Motion In A Plane Chapter-Wise Test 1

The maximum height \( h_m = \frac{(v_0 \sin \theta_0)^2}{2g} \) depends on the vertical component of the initial velocity (\( v_0 \sin \theta_0 \)). The angle of projection determines this component, with larger angles (up to 90°) increasing the height by maximizing the vertical contribution.

Time of flight \( T_f = \frac{2 v_0 \sin \theta_0}{g} \).

Given: \( v_0 = 14 \, \text{m/s}, \sin 53^\circ = 0.8, g = 9.8 \, \text{m/s}^2 \).

\( T_f = \frac{2 \times 14 \times 0.8}{9.8} = \frac{22.4}{9.8} \approx 2.29 \, \text{s} \).

Vertical velocity \( v_y = v_0 \sin \theta_0 - g t \).

Given: \( v_0 = 22 \, \text{m/s}, \sin 60^\circ = 0.866, t = 1.5 \, \text{s}, g = 10 \, \text{m/s}^2 \).

\( v_y = 22 \times 0.866 - 10 \times 1.5 = 19.052 - 15 = 4.05 \, \text{m/s} \).

Displacement \( \mathbf{r} = \frac{1}{2} \mathbf{a} t^2 \) (since \( \mathbf{v}_0 = 0 \)).

Given: \( \mathbf{a} = 5 \hat{i} - 2 \hat{j}, t = 3 \, \text{s} \).

\( \mathbf{r} = \frac{1}{2} (5 \hat{i} - 2 \hat{j}) \times 3^2 = \frac{9}{2} (5 \hat{i} - 2 \hat{j}) = 22.5 \hat{i} - 9 \hat{j} \, \text{m} \).

Magnitude \( |\mathbf{r}| = \sqrt{22.5^2 + (-9)^2} = \sqrt{506.25 + 81} = \sqrt{587.25} \approx 24.23 \, \text{m} \).

In uniform circular motion, the acceleration is centripetal and always directed towards the center of the circle.
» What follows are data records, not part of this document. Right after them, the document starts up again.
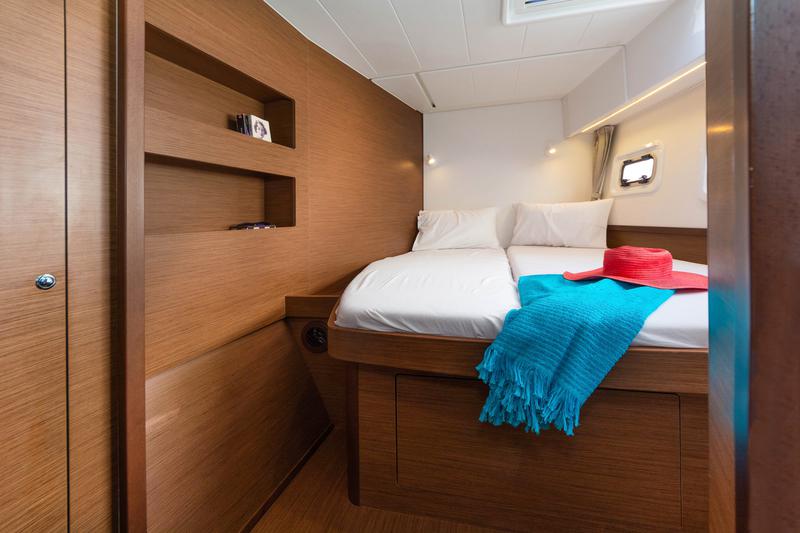 Book yachts online - catamaran - Lagoon 42 A/C &amp; GEN &amp; WM - AMICI - rent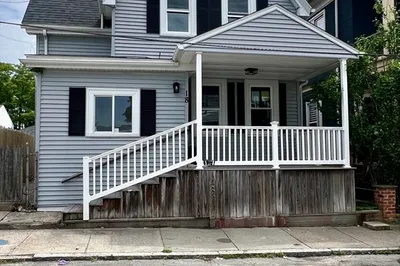 18 Brightman Ct 1
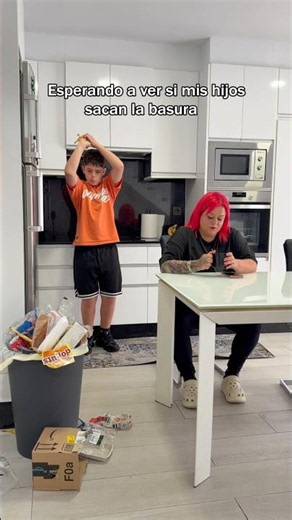Esperando a ver si mis hijos sacan la basura 🤣 #shorts #shortsfeed #shortsvideo #funny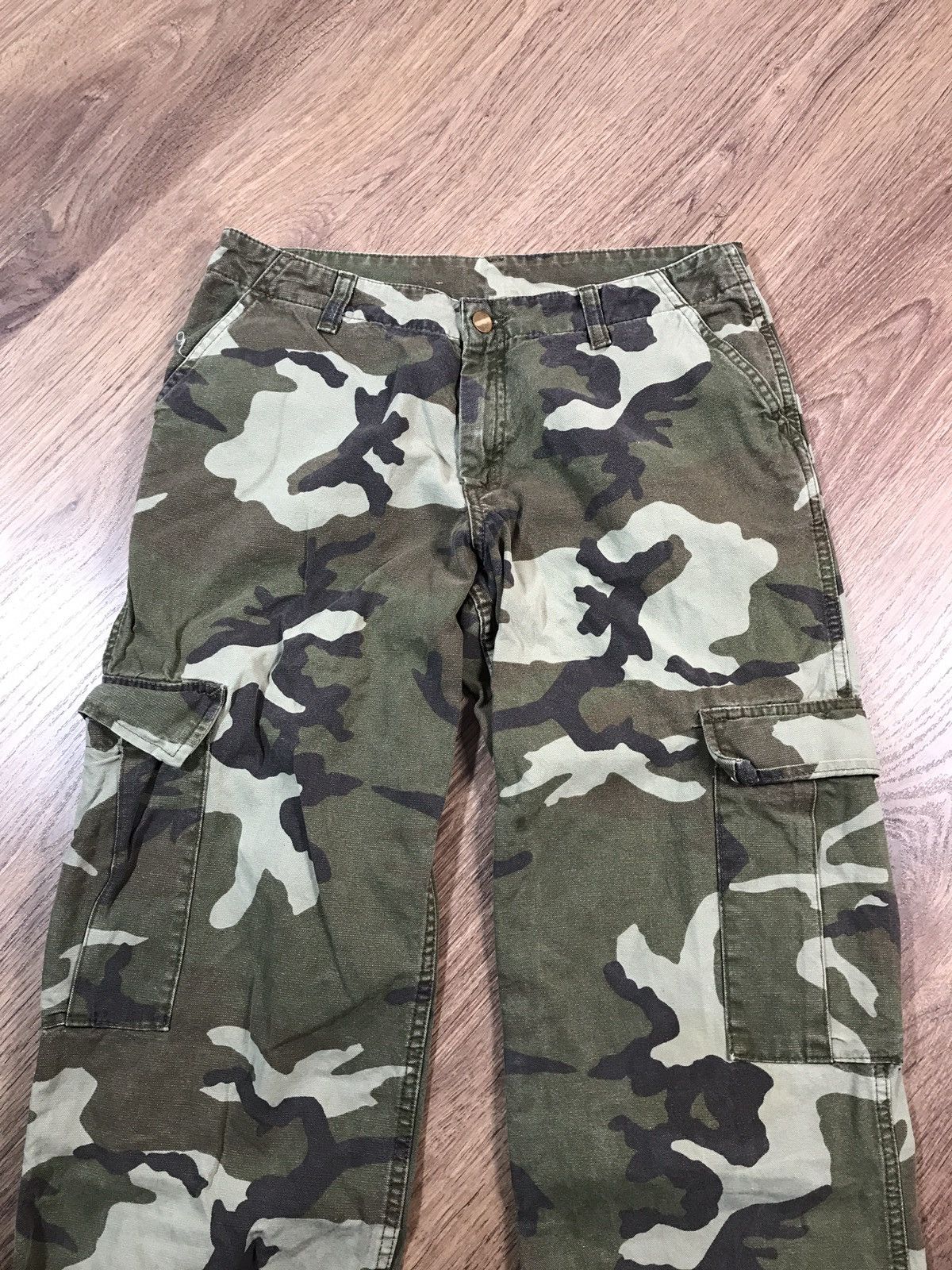 Carhartt Vintage Carhartt W Cargo Camo Pants Size US 28 / EU 44 - 4 Thumbnail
Its magnitude is constant, but its direction changes to remain radial. The speed (magnitude of velocity) is constant, while the velocity direction and acceleration direction are not.

Time to maximum height \( t_m = \frac{v_0 \sin \theta_0}{g} \).
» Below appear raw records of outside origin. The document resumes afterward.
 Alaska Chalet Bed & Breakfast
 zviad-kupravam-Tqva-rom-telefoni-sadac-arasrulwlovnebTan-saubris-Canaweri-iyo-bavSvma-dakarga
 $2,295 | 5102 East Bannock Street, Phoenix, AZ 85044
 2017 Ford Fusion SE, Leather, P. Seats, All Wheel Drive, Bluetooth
Given: \( v_0 = 30 \, \text{m/s}, \sin 53^\circ = 0.8, g = 10 \, \text{m/s}^2 \).

\( t_m = \frac{30 \times 0.8}{10} = \frac{24}{10} = 2.4 \, \text{s} \).
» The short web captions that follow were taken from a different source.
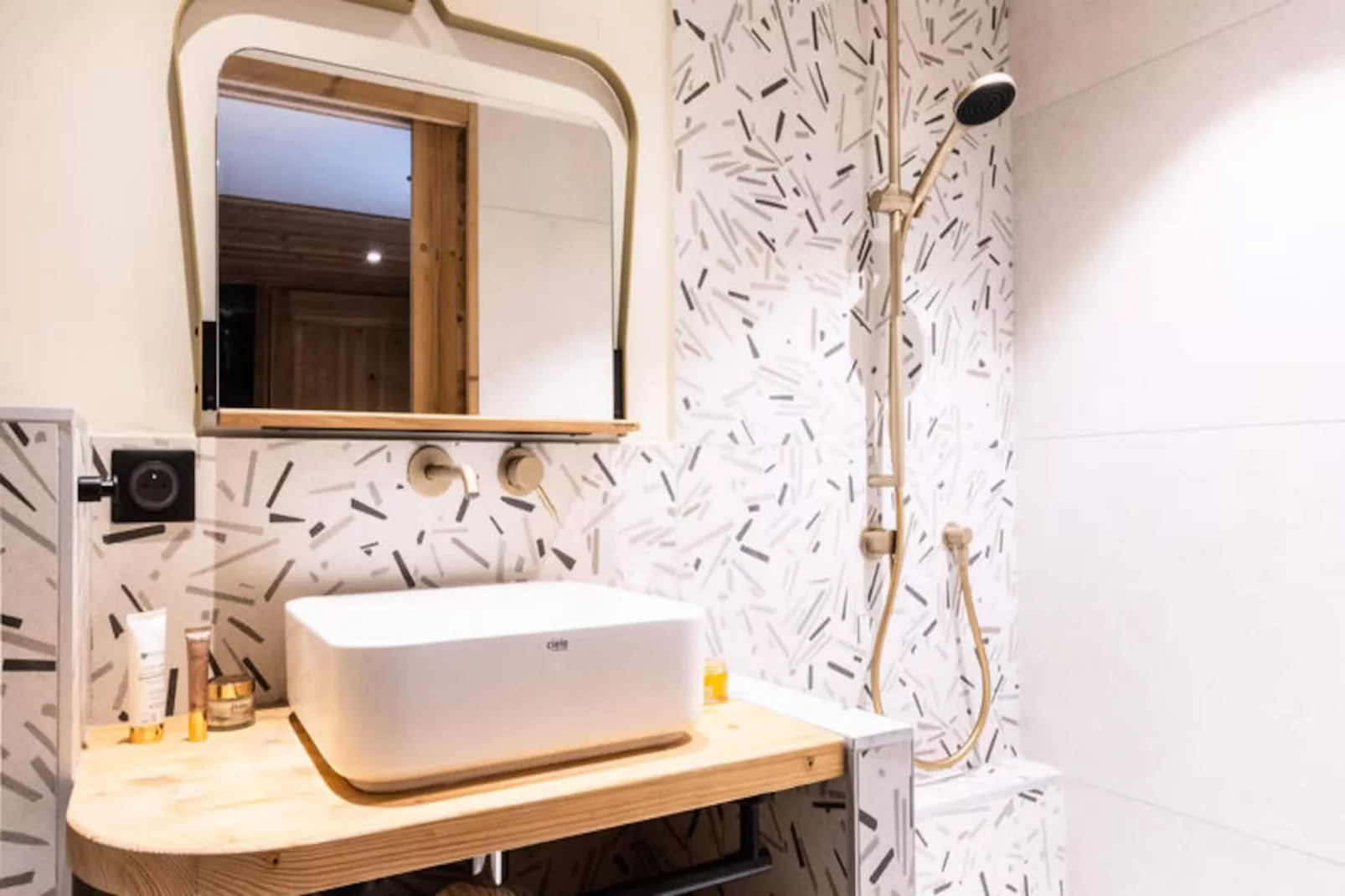 Chalet Poudreuse-Niet-getagd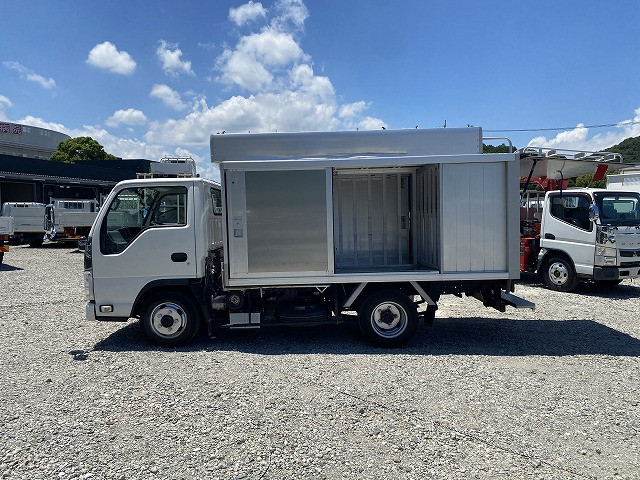 いすゞ エルフ TRG-NJR85AN(2WD)の写真11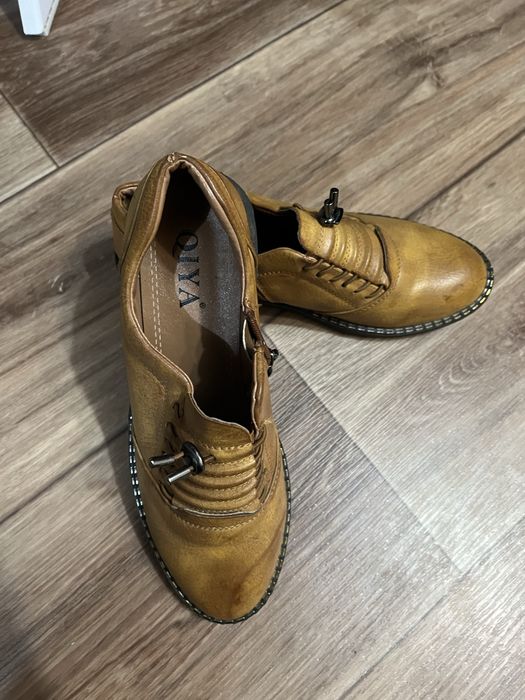 Продам женскую обувь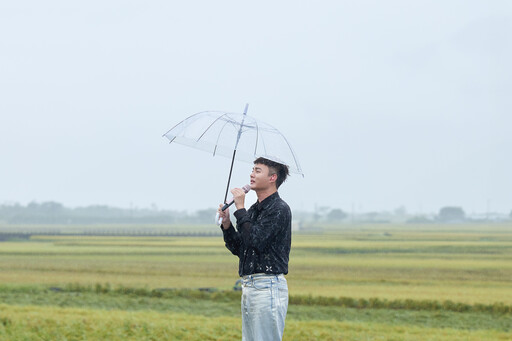 直擊！田馥甄暴雨中兩度險滑倒 開唱前有陰影謝Selina開解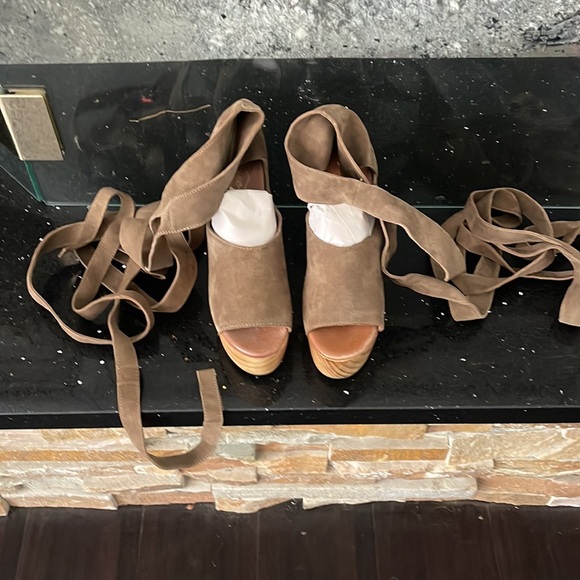 FREE PEOPLE WOOD PLATFORMS WRAP UP LEGS GLADIATOR SANDALS GENUINE SUEDE LEATHER - Picture 2 of 6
Time of flight \( T_f = \frac{2 v_0 \sin \theta_0}{g} \).

Given: \( v_0 = 12 \, \text{m/s}, \sin 37^\circ = 0.6, g = 10 \, \text{m/s}^2 \).

\( T_f = \frac{2 \times 12 \times 0.6}{10} = \frac{14.4}{10} = 1.44 \, \text{s} \).

At maximum height, speed = \( v_x = v_0 \cos \theta_0 \).

Given: \( v_0 = 45 \, \text{m/s}, \cos 30^\circ = 0.866 \).

\( v_x = 45 \times 0.866 \approx 38.97 \, \text{m/s} \).

Range \( R = \frac{v_0^2 \sin 2\theta_0}{g} \), where \( 2\theta_0 = 74^\circ \).

Given: \( v_0 = 36 \, \text{m/s}, \sin 74^\circ = 0.96, g = 12 \, \text{m/s}^2 \).

\( R = \frac{36^2 \times 0.96}{12} = \frac{1296 \times 0.96}{12} = \frac{1244.16}{12} \approx 103.68 \, \text{m} \).

If the constant acceleration is perpendicular to the initial velocity, the path becomes a parabola. This is because the acceleration affects only one component (e.g., vertical in projectile motion), while the other (e.g., horizontal) remains uniform, resulting in a parabolic trajectory.